### Exercise requirements
Could each record be written out again exactly as it stands?
Given records section start
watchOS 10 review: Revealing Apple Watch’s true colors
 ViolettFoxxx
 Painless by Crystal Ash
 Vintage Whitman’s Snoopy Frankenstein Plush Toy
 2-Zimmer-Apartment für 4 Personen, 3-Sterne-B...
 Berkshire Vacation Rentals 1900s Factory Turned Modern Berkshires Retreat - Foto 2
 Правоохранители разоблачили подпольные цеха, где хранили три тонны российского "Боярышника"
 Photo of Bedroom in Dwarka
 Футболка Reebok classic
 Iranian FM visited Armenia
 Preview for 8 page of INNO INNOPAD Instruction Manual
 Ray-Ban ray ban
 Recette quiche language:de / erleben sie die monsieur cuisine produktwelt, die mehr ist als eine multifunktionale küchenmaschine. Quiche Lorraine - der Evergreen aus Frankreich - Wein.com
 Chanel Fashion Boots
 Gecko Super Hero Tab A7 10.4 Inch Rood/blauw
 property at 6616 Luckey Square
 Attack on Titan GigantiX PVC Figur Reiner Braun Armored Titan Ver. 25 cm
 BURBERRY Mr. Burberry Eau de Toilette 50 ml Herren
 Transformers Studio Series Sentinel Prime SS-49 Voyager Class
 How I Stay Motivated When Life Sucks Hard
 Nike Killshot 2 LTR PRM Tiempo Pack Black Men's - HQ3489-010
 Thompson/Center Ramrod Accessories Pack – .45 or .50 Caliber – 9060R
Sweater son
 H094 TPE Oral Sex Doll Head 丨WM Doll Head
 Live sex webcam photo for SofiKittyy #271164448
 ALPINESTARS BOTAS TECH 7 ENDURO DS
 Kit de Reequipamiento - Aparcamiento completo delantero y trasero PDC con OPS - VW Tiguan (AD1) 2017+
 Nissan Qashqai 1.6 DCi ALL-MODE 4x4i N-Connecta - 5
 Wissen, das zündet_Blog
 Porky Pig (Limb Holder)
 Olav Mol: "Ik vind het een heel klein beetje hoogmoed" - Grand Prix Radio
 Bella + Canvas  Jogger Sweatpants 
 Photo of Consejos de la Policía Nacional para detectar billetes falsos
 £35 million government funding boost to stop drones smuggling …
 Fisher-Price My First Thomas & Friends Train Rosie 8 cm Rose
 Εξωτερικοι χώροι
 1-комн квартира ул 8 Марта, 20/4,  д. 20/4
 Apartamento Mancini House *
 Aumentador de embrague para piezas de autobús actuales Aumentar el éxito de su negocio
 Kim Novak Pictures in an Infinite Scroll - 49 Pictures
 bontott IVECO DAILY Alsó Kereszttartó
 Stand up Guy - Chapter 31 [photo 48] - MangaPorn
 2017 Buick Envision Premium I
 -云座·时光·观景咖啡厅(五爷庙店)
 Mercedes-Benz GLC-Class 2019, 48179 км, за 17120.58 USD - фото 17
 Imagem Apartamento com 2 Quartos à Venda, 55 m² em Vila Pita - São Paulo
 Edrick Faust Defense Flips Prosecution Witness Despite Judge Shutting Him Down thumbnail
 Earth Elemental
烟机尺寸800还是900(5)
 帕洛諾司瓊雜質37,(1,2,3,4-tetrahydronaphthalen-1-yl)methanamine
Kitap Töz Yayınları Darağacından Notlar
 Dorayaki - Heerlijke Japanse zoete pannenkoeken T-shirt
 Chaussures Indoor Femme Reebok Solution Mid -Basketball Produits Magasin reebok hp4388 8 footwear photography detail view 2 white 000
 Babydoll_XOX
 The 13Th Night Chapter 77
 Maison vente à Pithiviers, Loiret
Given records section end
### Result for this exercise
watchOS 10 review: Revealing Apple Watch’s true colors
 ViolettFoxxx
 Painless by Crystal Ash
 Vintage Whitman’s Snoopy Frankenstein Plush Toy
 2-Zimmer-Apartment für 4 Personen, 3-Sterne-B...
 Berkshire Vacation Rentals 1900s Factory Turned Modern Berkshires Retreat - Foto 2
 Правоохранители разоблачили подпольные цеха, где хранили три тонны российского "Боярышника"
 Photo of Bedroom in Dwarka
 Футболка Reebok classic
 Iranian FM visited Armenia
 Preview for 8 page of INNO INNOPAD Instruction Manual
 Ray-Ban ray ban
 Recette quiche language:de / erleben sie die monsieur cuisine produktwelt, die mehr ist als eine multifunktionale küchenmaschine. Quiche Lorraine - der Evergreen aus Frankreich - Wein.com
 Chanel Fashion Boots
 Gecko Super Hero Tab A7 10.4 Inch Rood/blauw
 property at 6616 Luckey Square
 Attack on Titan GigantiX PVC Figur Reiner Braun Armored Titan Ver. 25 cm
 BURBERRY Mr. Burberry Eau de Toilette 50 ml Herren
 Transformers Studio Series Sentinel Prime SS-49 Voyager Class
 How I Stay Motivated When Life Sucks Hard
 Nike Killshot 2 LTR PRM Tiempo Pack Black Men's - HQ3489-010
 Thompson/Center Ramrod Accessories Pack – .45 or .50 Caliber – 9060R
Sweater son
 H094 TPE Oral Sex Doll Head 丨WM Doll Head
 Live sex webcam photo for SofiKittyy #271164448
 ALPINESTARS BOTAS TECH 7 ENDURO DS
 Kit de Reequipamiento - Aparcamiento completo delantero y trasero PDC con OPS - VW Tiguan (AD1) 2017+
 Nissan Qashqai 1.6 DCi ALL-MODE 4x4i N-Connecta - 5
 Wissen, das zündet_Blog
 Porky Pig (Limb Holder)
 Olav Mol: "Ik vind het een heel klein beetje hoogmoed" - Grand Prix Radio
 Bella + Canvas  Jogger Sweatpants 
 Photo of Consejos de la Policía Nacional para detectar billetes falsos
 £35 million government funding boost to stop drones smuggling …
 Fisher-Price My First Thomas & Friends Train Rosie 8 cm Rose
 Εξωτερικοι χώροι
 1-комн квартира ул 8 Марта, 20/4,  д. 20/4
 Apartamento Mancini House *
 Aumentador de embrague para piezas de autobús actuales Aumentar el éxito de su negocio
 Kim Novak Pictures in an Infinite Scroll - 49 Pictures
 bontott IVECO DAILY Alsó Kereszttartó
 Stand up Guy - Chapter 31 [photo 48] - MangaPorn
 2017 Buick Envision Premium I
 -云座·时光·观景咖啡厅(五爷庙店)
 Mercedes-Benz GLC-Class 2019, 48179 км, за 17120.58 USD - фото 17
 Imagem Apartamento com 2 Quartos à Venda, 55 m² em Vila Pita - São Paulo
 Edrick Faust Defense Flips Prosecution Witness Despite Judge Shutting Him Down thumbnail
 Earth Elemental
烟机尺寸800还是900(5)
 帕洛諾司瓊雜質37,(1,2,3,4-tetrahydronaphthalen-1-yl)methanamine
Kitap Töz Yayınları Darağacından Notlar
 Dorayaki - Heerlijke Japanse zoete pannenkoeken T-shirt
 Chaussures Indoor Femme Reebok Solution Mid -Basketball Produits Magasin reebok hp4388 8 footwear photography detail view 2 white 000
 Babydoll_XOX
 The 13Th Night Chapter 77
 Maison vente à Pithiviers, Loiret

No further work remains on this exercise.